Aujourd'hui, le parti d'Aung San Suu Kyi, au pouvoir depuis novembre et accusé d'inaction sur le dossier des minorités, veut recenser le nombre exact d'apatrides pour, à terme, les régulariser au cas par cas. Les Rohingyas doivent apporter la preuve de leur longue présence dans le pays afin d'obtenir la citoyenneté. D'où cette carte bleue donnant des informations sur son détenteur. Le processus s'annonce long et difficile. «Nous commençons dans trois villes de l'Arakan mais à terme, le plan a vocation à être national», a déclaré Myint Kyaing, le ministre de l'Immigration et de la Population, au Myanmar Times, le principal quotidien birman. Jusqu'en 2015, les Rohingyas avaient le droit à une carte blanche leur donnant le droit de vote.
A l'approche des législatives de novembre, les premières libres de ce type depuis vingt-cinq ans, la junte militaire au pouvoir les a confisquées, et proposé en échange la carte bleu ciel.

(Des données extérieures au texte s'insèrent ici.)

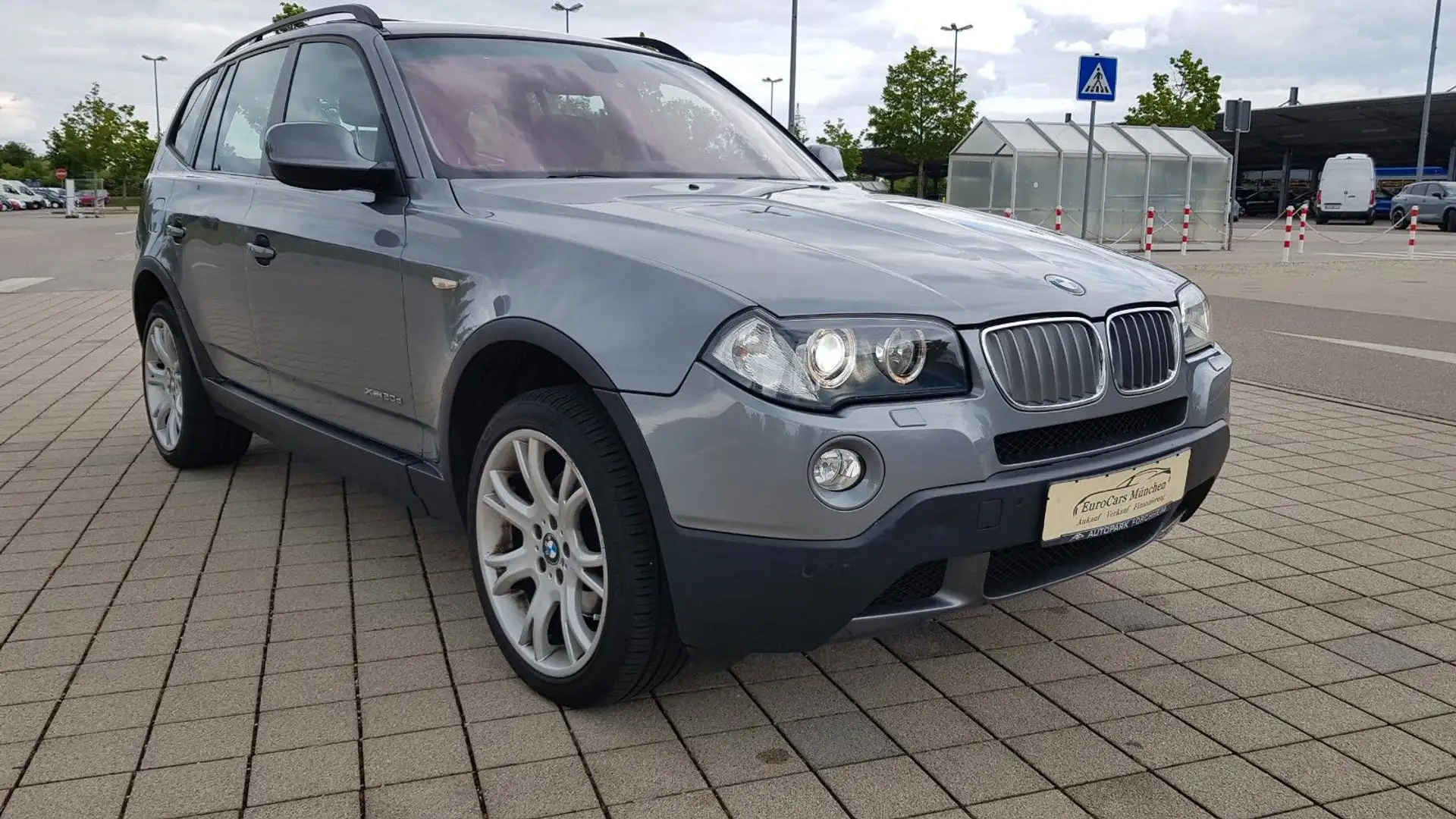 BMW X3 xD 20d aut. Edit. Lifestyle ~Leder~Xenon~19"M Gris - 1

Le Myanmar Times précise que les nouvelles cartes n'incluent pas de distinction de «race» ou de «religion» pour «éviter les controverses sémantiques et les conflits sectaires». Mais les Rohingyas, eux, veulent affirmer leur appartenance à leur groupe ethnique et être reconnus comme tels. Selon Radio Free Asia, financée par les Etats-Unis, de nombreux Rohingyas refusent de répondre au formulaire de recensement. Seuls les individus ayant la carte pourront pourtant passer les multiples étapes administratives leur donnant la citoyenneté.